BEGIN Stored data

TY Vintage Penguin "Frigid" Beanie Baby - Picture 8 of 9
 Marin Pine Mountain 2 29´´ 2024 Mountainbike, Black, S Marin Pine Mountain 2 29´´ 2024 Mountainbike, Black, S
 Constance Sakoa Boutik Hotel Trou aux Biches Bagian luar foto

END Stored data

Exercise →
The whole listing above, restated word for word, is the required answer.

The answer →
TY Vintage Penguin "Frigid" Beanie Baby - Picture 8 of 9
 Marin Pine Mountain 2 29´´ 2024 Mountainbike, Black, S Marin Pine Mountain 2 29´´ 2024 Mountainbike, Black, S
 Constance Sakoa Boutik Hotel Trou aux Biches Bagian luar foto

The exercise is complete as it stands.